There was no floor effect or ceiling effect in CAIT-C. The evaluation of three experts also authenticated that the CAIT-C items were well correlated with the patient’s prognosis and CAI patients. In addition, due to the easy-to-understand advantage of CAIT-C, there were no missed responses in any returned questionnaires. Based on the above objective results, and the good feedback from patients who filled out the questionnaire, the CAIT-C had good content validity.

In other cross-cultural adaptation studies on CAIT, except for the Dutch version21, the remaining versions all evaluated the criterion validity of CAIT20,22,23,24,25. However, in light of the COSMIN list (consensus-based Standards for the selection of health status Measurement INstruments), which is a consistency-based checklist for assessing the methodological quality of the measurement attributes of the health measurement instruments based on an international Delphi study, the “criterion validity” was defined as the degree of a PROMs instrument that reflects the degree of "gold standard", in 201043. The standard used should be reasonably considered the "gold standard", but the Delphy group agreed that there was no gold standard for PROMS instruments43. The “hypotheses testing” for evaluating the so-called “criterion validity” in other cross-culture adaptation studies was the method for assessing the construct validity of CAIT. By hypothesis testing, the correlations between the CAIT-C and the subscales of the SF-36 and FAAM in this study were the same as that of our previous hypothesis, meaning that the CAIT-C has good construct validity. The CAIT-C had the strongest correlations with the two subscales of the FAAM. Although the FAAM is not a disease-specific scale for patients with CAI, it mainly concerns the functional status of the patient’s foot and ankle (region-specific scale), such as CAIT. Therefore, the objective of FAAM items is very close to that of CAIT. In addition, the CAIT-C had weak correlations with the mental subscales of the SF-36, but the correlation still existed (P < 0.05), indicating that the functional status of the foot and ankle in CAI patients would affect their psychological states.

One of the important factors in determining whether the scale can be used in prospective clinical research is the quality of the scale’s responsiveness.
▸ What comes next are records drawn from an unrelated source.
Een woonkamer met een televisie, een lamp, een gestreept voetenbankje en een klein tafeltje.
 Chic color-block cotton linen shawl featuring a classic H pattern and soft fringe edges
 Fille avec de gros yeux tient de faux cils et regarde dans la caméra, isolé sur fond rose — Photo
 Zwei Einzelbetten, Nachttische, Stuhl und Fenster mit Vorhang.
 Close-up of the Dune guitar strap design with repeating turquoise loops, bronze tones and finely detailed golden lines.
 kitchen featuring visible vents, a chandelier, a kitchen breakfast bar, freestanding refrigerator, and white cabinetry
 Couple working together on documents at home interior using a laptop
In this study, CAIT-C showed good responsiveness, which means that CAIT-C can be sensitive to changes in the functional condition of patients after systemic physicotherapy. Compared with related studies, the ES value of this study was slightly higher (ES = 0.69–1.07)12,24,25. This might be because patients in this study received 8 weeks of physicotherapy, and the treatment period in other studies was shorter (3–4 weeks), which led to certain differences in the degree of improvement in the patient’s functional status.

Conclusions

In summary, we successfully translated CAIT into Chinese. After verification, the version was easy to use and has good responsiveness, reliability, and validity. Hence, we advise that CAIT-C be used in assessing the functional condition of Chinese CAI patients in related clinical work or clinical studies to help researchers or doctors collect the necessary data.